Multiple views, one design document
Views live in documents called “design documents”. Views within the same design document share a B-Tree data structure. This means that when one view in the design document is built, they all are built. So, careful planning is required to make sure unrelated views do not live in the same design document. You would not want the re-building of one view to delay the accessibility of another, totally unrelated view.
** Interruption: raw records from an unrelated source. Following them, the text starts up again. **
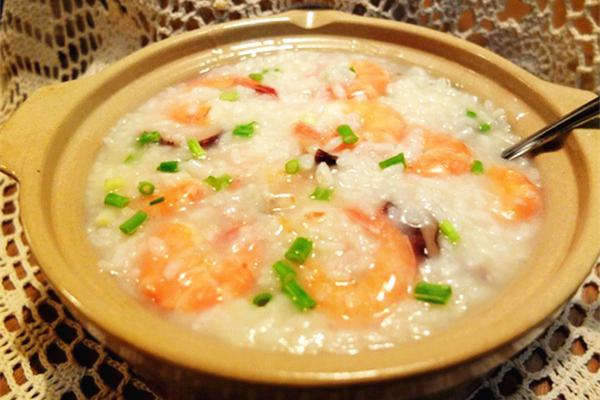 一碗潮汕粥孕育了多少超级富豪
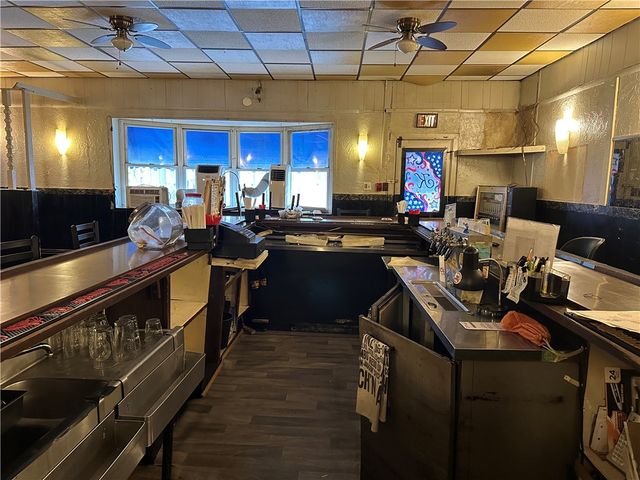 900 Park Avenue, Castle Shannon, PA 15234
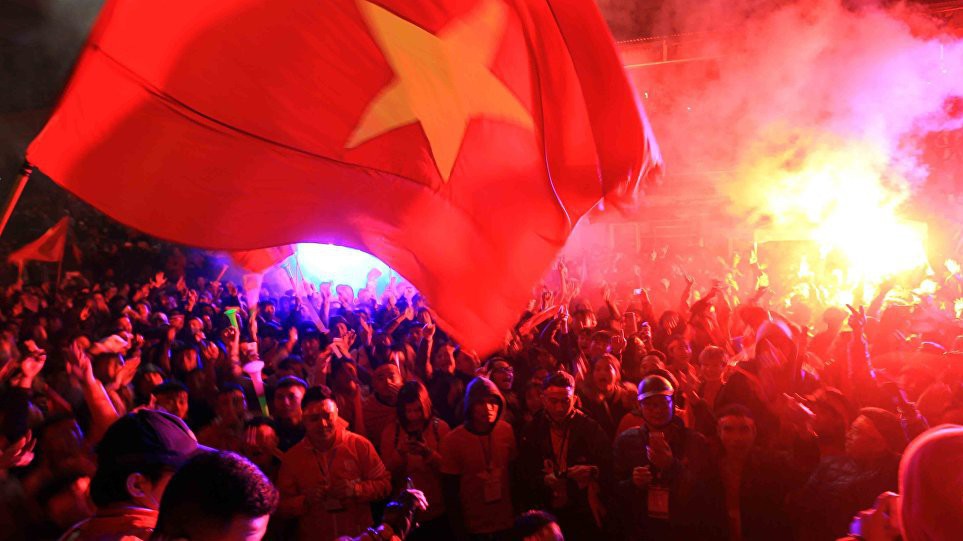 Trận chung kết AFF Cup làm chất lượng không khí Hà Nội xấu đi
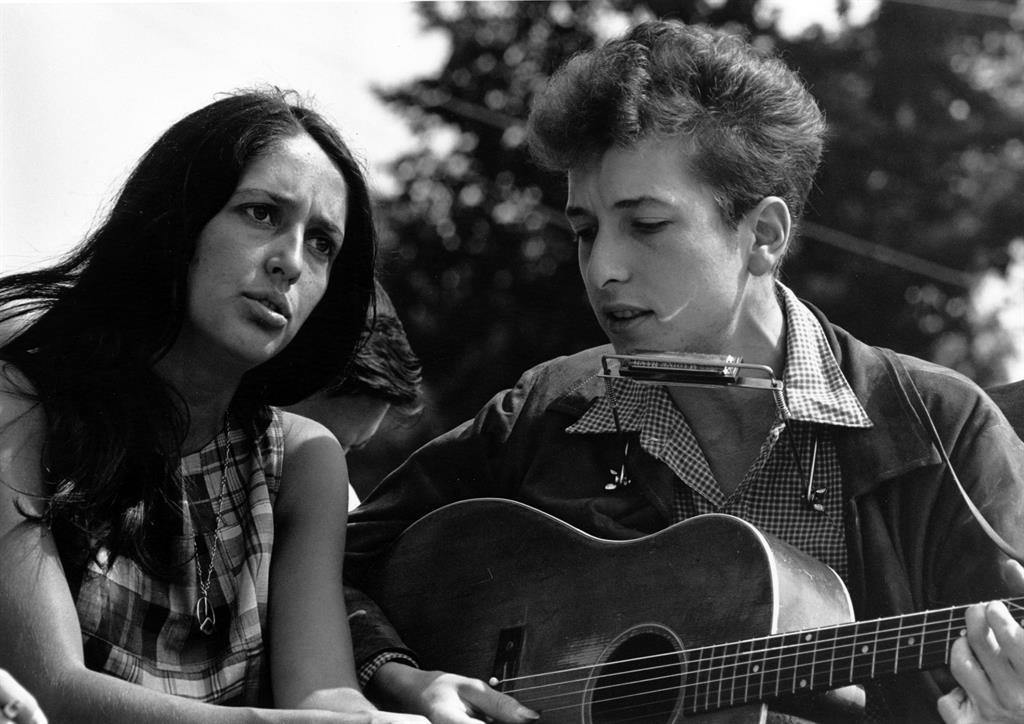 Joan Baez und Bob Dylan mit Gitarre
Views can take a L…O…N…G time to build from scratch. The view building process is also very resource intensive. This becomes less of an issue once the views have been built, as views are updated incrementally. It really only comes into play when you are adding many, many documents to a CouchDB database between view builds. However, one place where this is an issue is ad-hoc queries. Every week or two, I’ll get a request from a customer for data that is not available via our web application. While we’ll throw that request onto the product backlog so it is eventually available via the application, it doesn’t change the fact that our customer needs that information now. We usually satisfy such requests by firing up the MySQL client, and running one or more ad-hoc queries. This simply is not feasible using CouchDB views, especially if you are working with a large database containing millions of documents. CouchDB does support “temporary views”, which are ad-hoc views that you can build and execute on the fly. However, temporary views are not recommended for production use, because they need to be built before they can get you the data you need. This could take hours, or days depending on the size of you database and the processing power of your database server. Temporary views are meant as a way to test new views in development which will eventually be saved into a design document, and not for running ad-hoc queries.
View sizes on disk
I’ve already mentioned that each design document is stored in its own B-Tree, completely separate from the B-Tree that holds the documents in the database. These data structures can become quite large, especially if you have a ton of documents in your database. A large database combined with several design documents can take up quite a bit of disk space. For example, our main messaging database consisting of around 30 million documents is 20GB on disk. The 8 design documents for that database combine for a total size of 35GB. This brings the grand total, for the documents and the views, to 55GB. That’s a whole lot of disk space. CouchDB sacrifices disk space for performance, which is a good tradeoff, as disk space is cheap and virtually limitless these days. But sadly, this is not the case for everyone. To add enough storage capacity to handle this database, the other large databases, a mirror/backup of these databases, and still have room to grow, we were looking at an additional several hundred bucks a month in charges from our hosting company for the additional disk space. That can be a lot to handle for a small company. Some larger companies use SANs or similar storage devices that offer unmatched redundancy and reliability. However, these devices will often have a fixed maximum amount of storage, and can be very expensive to upgrade one the storage capacity is maxed out. Justifying the use of so much disk space on such an expensive resource could prove difficult.
Views were without a doubt the hardest part of this project to get right. My colleagues Dave and Jerry are still hard at work trying to find creative ways to reduce the size of the views on disk. We’re very happy with the performance boots that we’ve seen using views in our testing environment. But unless we can find a way to reduce the disk usage, or find more affordable storage options, we may never see these performance boosts in production.